[Web page caption snippets]

>>>

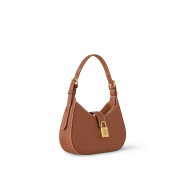 Сумка Low Key Shoulder Bag Louis Vuitton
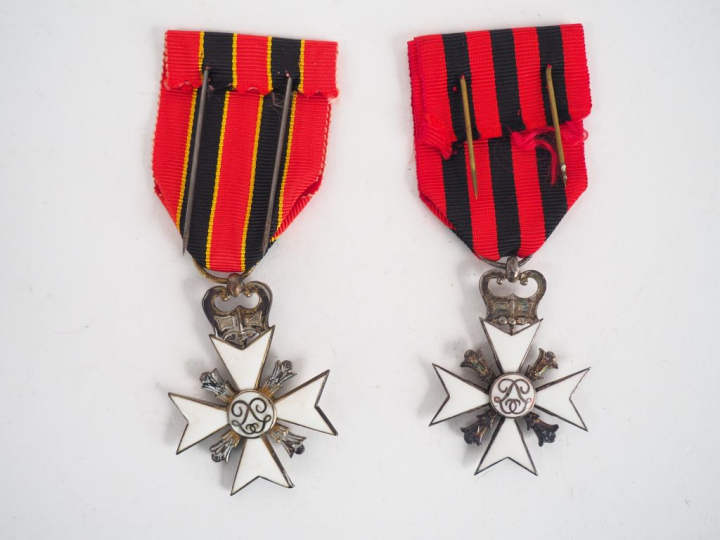 Deux croix civiques belges branches de la croix émaillées blanc, avec 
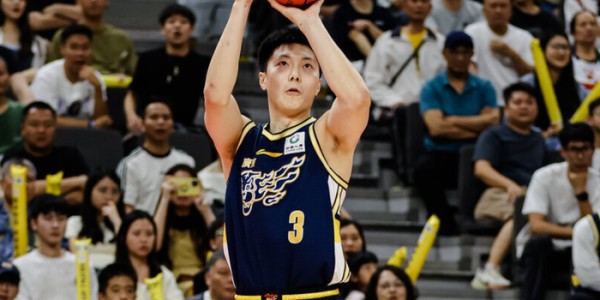 斗球免费直播平台-男篮输球揪出两大罪人！两位国手合计14投仅3中，杜锋看不到争冠|广东男篮|胡明轩|徐杰|客场|萨姆纳_新浪体育_新浪新闻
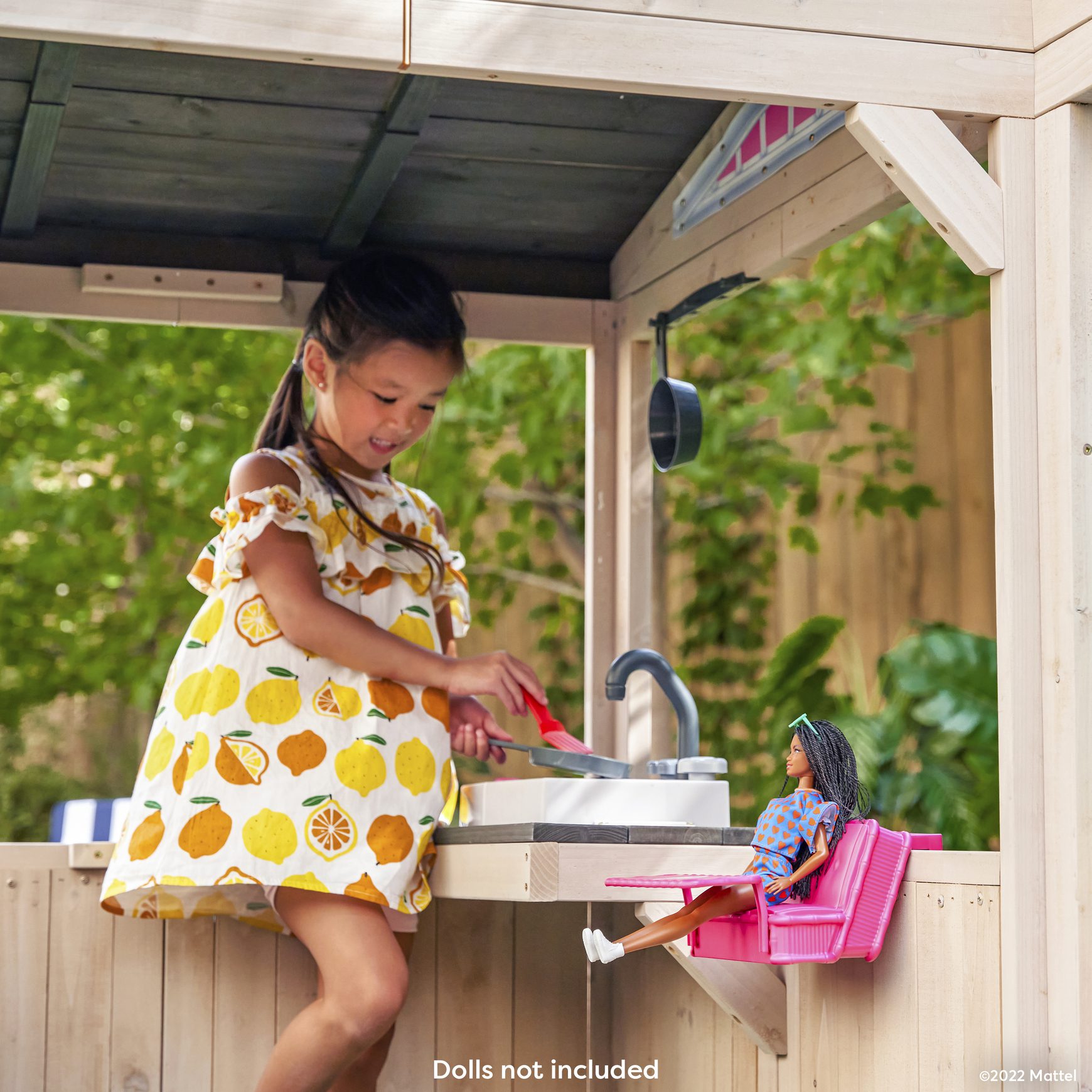 barbie-seaside-wooden-outdoor-playhouse6 barbie-seaside-wooden-outdoor-playhouse6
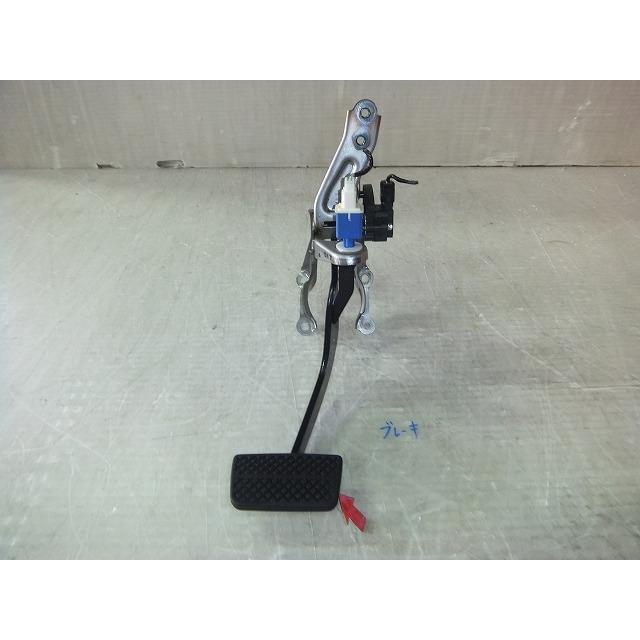 N-BOX 6BA-JF3 ブレーキペダル 純正品番46600-TTA-951 管理番号AB8078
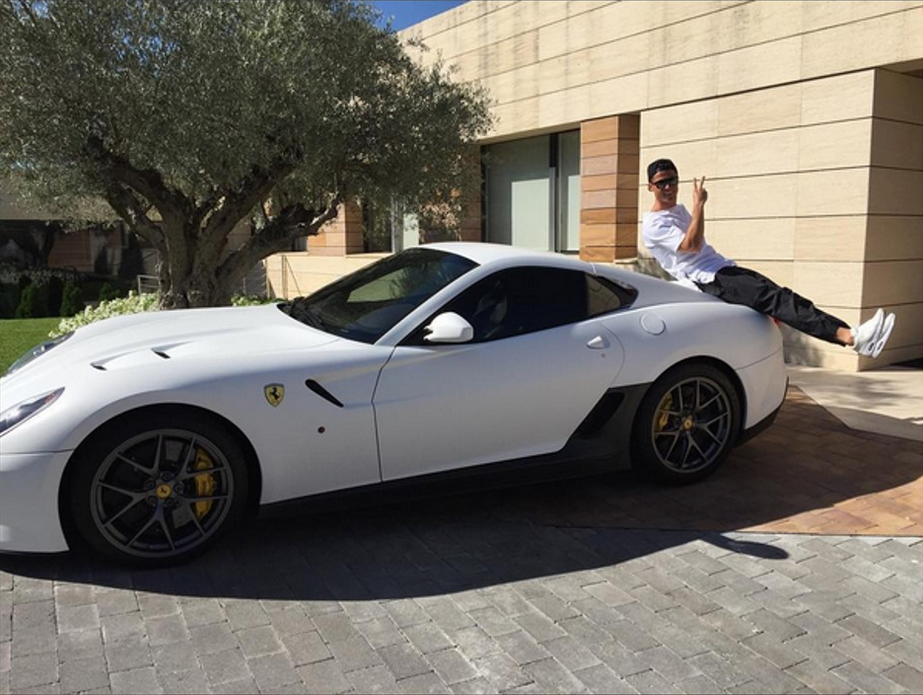 cristiano and his ferari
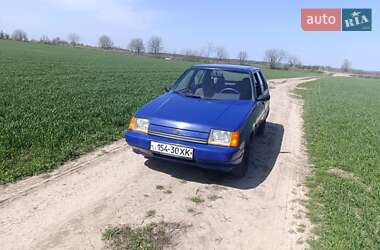 Лифтбек ЗАЗ 1103 Славута 2000 в 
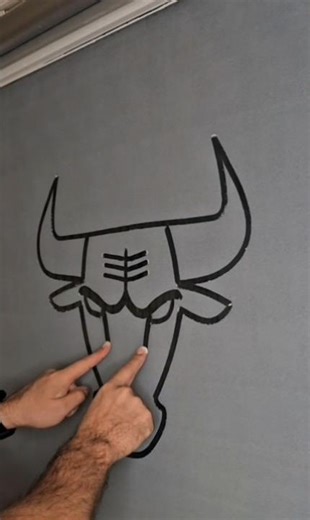 Chicago Bulls logo two hands drawing #chicagobulls #Bulls #nba #demakaj #twohandsdrawing #windowart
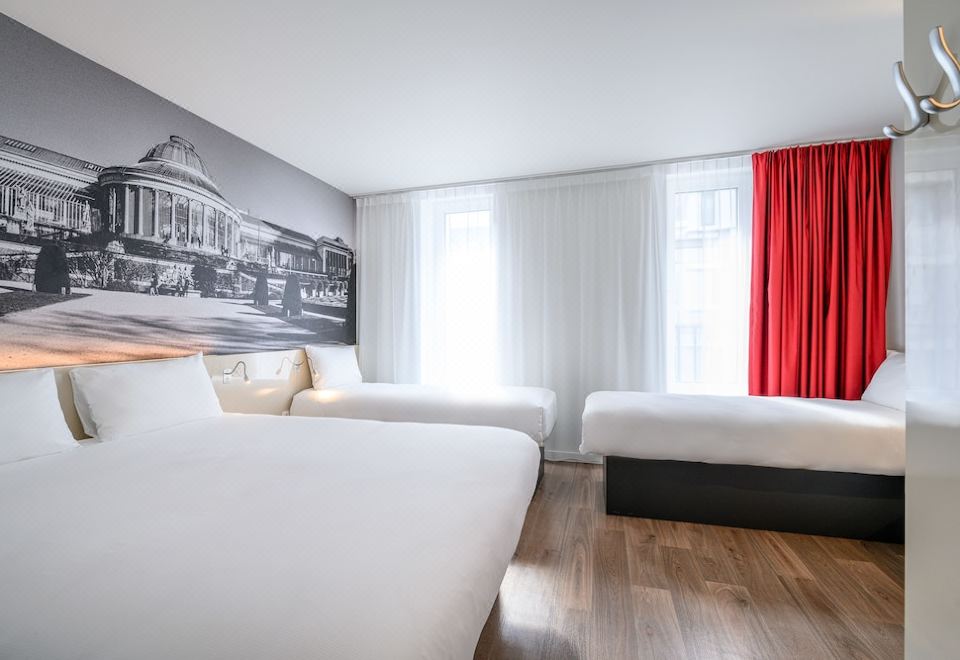 6. B&B HOTE..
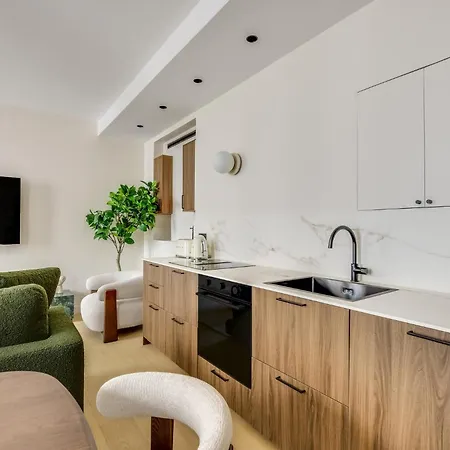 Pick A Flat's In Saint Germain - Rue Corneille Paris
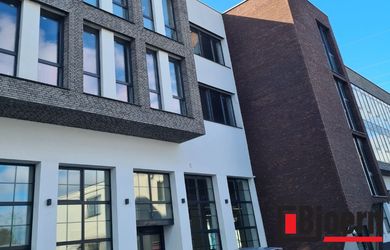 Galvániho - Prenájom 480 m2 lukratívnych kancelárskych/ obchodných priestorov v polyfunkčnom areáli s parkovaním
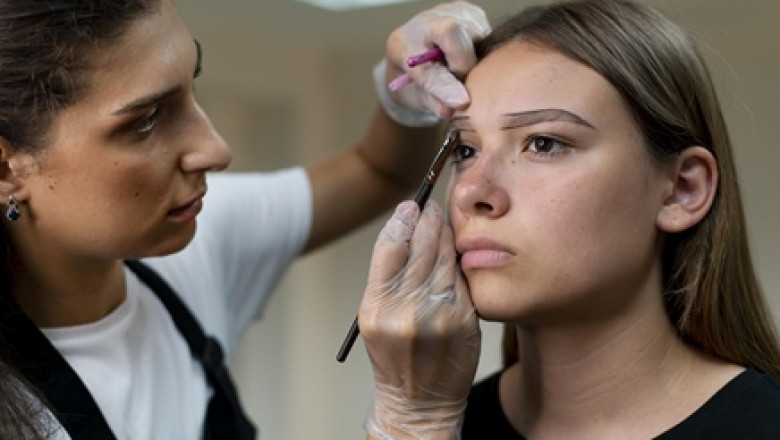 Unlock Your Career Potential with Powder Brows Training Near Davie, FL at Beauty bubble spa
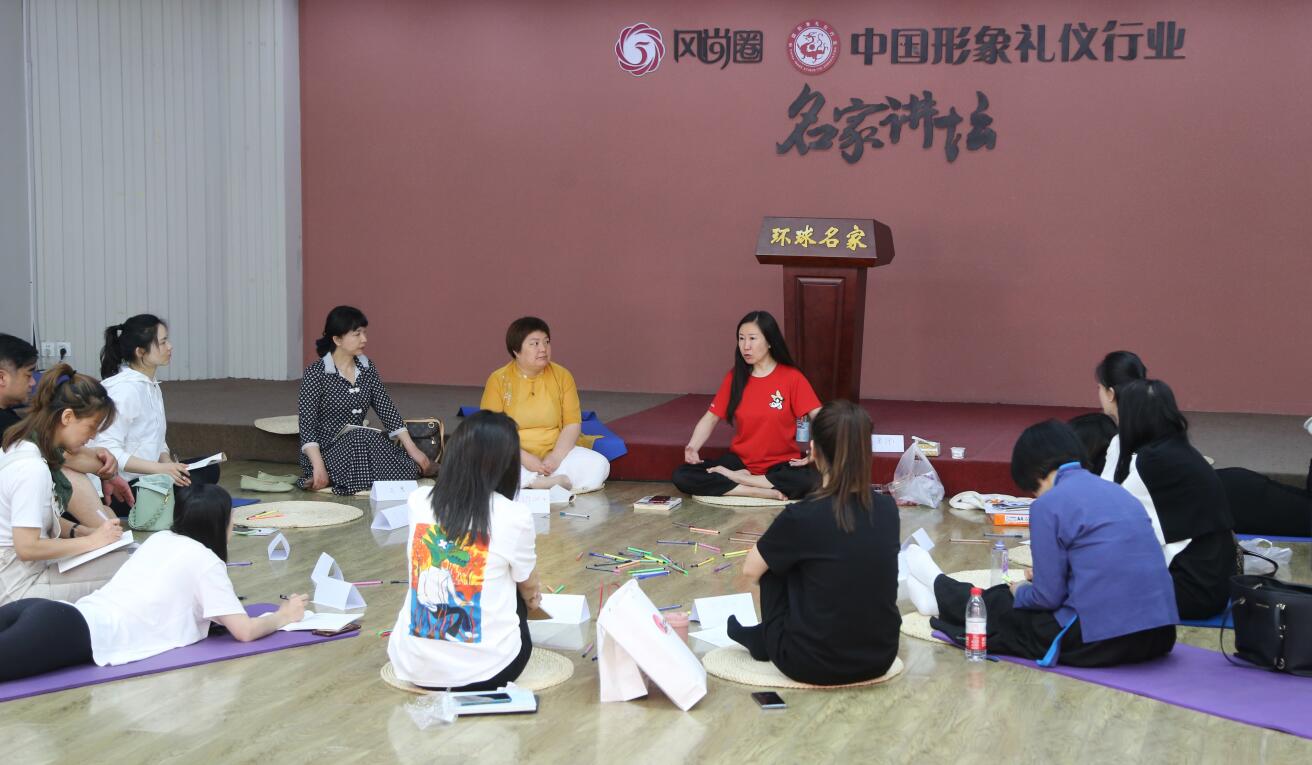 心灵成长培训班，在中国形象礼仪行业风尚圈培训中心开班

<<<

• **Required action**: Text only, no pictures: please print exactly the lines above from the line with "N-BOX 6BA-JF3 ブレーキペダル" up to and including the line with "Pick A Flat's", and nothing else.

• **Output**:
 N-BOX 6BA-JF3 ブレーキペダル 純正品番46600-TTA-951 管理番号AB8078
 cristiano and his ferari
 Лифтбек ЗАЗ 1103 Славута 2000 в 
 Chicago Bulls logo two hands drawing #chicagobulls #Bulls #nba #demakaj #twohandsdrawing #windowart
 6. B&B HOTE..
 Pick A Flat's In Saint Germain - Rue Corneille Paris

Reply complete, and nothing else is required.